Souterrain, Castlegregory, Co. Kerry
Co. Kerry |
Settlement Sites
A mechanical digger cutting foundation trenches for a new house in 1980 broke through the roof of something considerably older.
When the machine lifted one of the large flat sandstone lintels from the south-western corner, it exposed a souterrain, an underground stone-lined passage or chamber built in early medieval Ireland, typically for storage or refuge. The structure lay just inland from the sand-dunes near the seashore at Castlegregory, covered by roughly one and a half metres of light sandy topsoil laced with scattered sea shells. Once the opening was made, local people reported finding fragments of bone and shell inside, though these most likely tumbled in from the collapsed topsoil rather than representing any deliberate deposit.

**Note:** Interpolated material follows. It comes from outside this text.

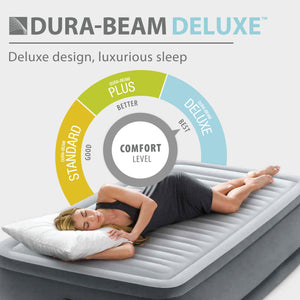 Intex Dura Beam Deluxe Pillow Raised Bed with Built In Pump, Queen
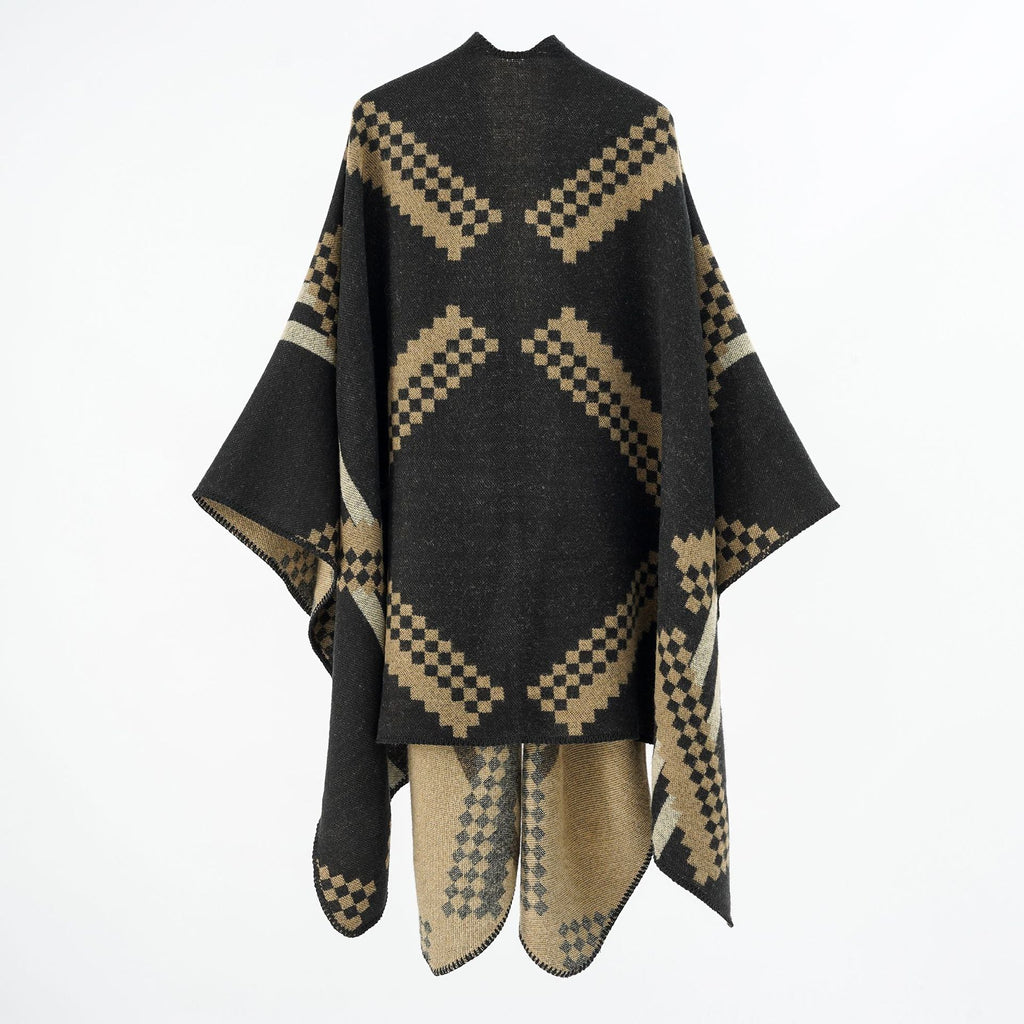 Women's wrap poncho with a modern geometric pattern and high-quality workmanship, size [size missing]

The chamber was modest but carefully made. Its walls were built of small, neatly coursed sea-rolled stones, presumably gathered from the nearby shore, and the roof was carried on six large flat sandstone lintels. The single chamber ran on a north-east to south-west axis, between 0.8 and 0.95 metres wide and about one metre high, with a confirmed length of at least three metres. The north-eastern end was entirely blocked by ancient collapse, so the full original extent was never established, and the true entrance may well have lain somewhere beyond that blocked section. A small break in the north wall at ground level could have been a deliberate alcove or cavity. The south-western end wall was curved rather than straight, a feature noted as typical of souterrains across the Dingle Peninsula. The structure was inspected shortly after discovery by Hurley of the Office of Public Works, and the description was later published in J. Cuppage's 1986 archaeological survey of the Dingle Peninsula. It is now inaccessible.